Außerdem tourt Mücke mit seinen Youngtimern durchs Land, nimmt seinen Sohn Stefan mit und lässt auch ihn fahren – im Kart. „Das entwickelte sich dann. Ich wollte fahren und er auch. Also habe ich noch ein Kart gekauft und ihm gesagt: ,Da kannst du viel später bremsen und die Kurve dort hinten schneller fahren.‘ Das hätte ich nicht machen sollen“, sagt Peter Mücke. Denn am Abend erzählt ihm der Junior in der Badewanne, „dass er jetzt auch Rennen fahren will“.

Ein blasser Teenager namens Vettel

Irgendwann gewinnt Stefan Mücke – erst im Kart, dann den deutschen Ausscheid für die Formel ADAC, schließlich die Europaqualifikation. Aus der Nummer kommt Peter Mücke nicht mehr raus. 1998 gründen beide eine eigene Mannschaft, kaufen von der 50 000-Euro-Prämie ein gebrauchtes Auto. Damit gewinnt Stefan Mücke in der Formel BMW mit 16 Saisonsiegen. „Durch den Erfolg standen im nächsten Jahr etliche Piloten da und wollten bei uns fahren“, sagt Peter Mücke – allesamt spätere Formel-1-Fahrer wie Sebastien Buemi, Christian Klien, Robert Kubica, Pascal Wehrlein und Markus Winkelhock.
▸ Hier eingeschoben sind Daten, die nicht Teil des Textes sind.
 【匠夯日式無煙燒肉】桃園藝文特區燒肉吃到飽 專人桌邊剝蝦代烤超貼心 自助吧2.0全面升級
2004 gehört auch ein blasser Teenager namens Sebastian Vettel dazu. Er gewinnt in der Formel BMW 18 von 20 Rennen und stellt eine Bestmarke auf. Mücke nennt ihn ein Musterbeispiel: „Seb ist sechs Uhr aufgestanden, 30 Minuten gejoggt, hat Kopf und Kreislauf auf Touren gebracht. Dann stand er vor der Tür. Das musste ich ihm nicht sagen. Seb hat es von sich aus getan. Das macht den Unterschied aus.“ Bei Vettel passt laut Mücke alles zusammen: der Charakter, das Talent, der Typ. „Unter 50 Piloten gibt es einen echten Racer. Er geht mental anders, ehrlicher an die Sache ran als der Rest“, sagt der Chef des größten deutschen Privatrennstalls.

Mücke kennt auch das Gegenbeispiel: Sergio Perez. Ihn bezeichnet er als unprofessionell. „Ich hatte selten so einen Schlamper. Er schrottete nach einer Feier besoffen mein Leihauto. Seine Berliner Wohnung sah aus wie ein Schlachtfeld.“ Ein Grund seien die Finanzen. Perez steht dank seines mexikanischen Sponsors „Geld ohne Ende“ zur Verfügung. „Sergio musste über nichts nachdenken, wusste, dass es weitergeht. Nur mit seinem Talent wäre er nie oben angekommen.“

Mit oben meint Peter Mücke die Formel 1. Er bildet Fahrer dafür aus, auch wenn nicht alle Talent oder Geld dafür besitzen. Sein Sohn kann den Schritt nicht gehen. Er schafft es bis in die DTM. In der Serie fahren auch Stars wie David Coulthard und Ralf Schumacher für Peter Mücke. Bis zu 65 Angestellte beschäftigt er jetzt. Ein Wiedersehen gibt es am Wochenende auf dem Lausitzring beim Motorsportfestival mit der DTM und dem ADAC GT Masters.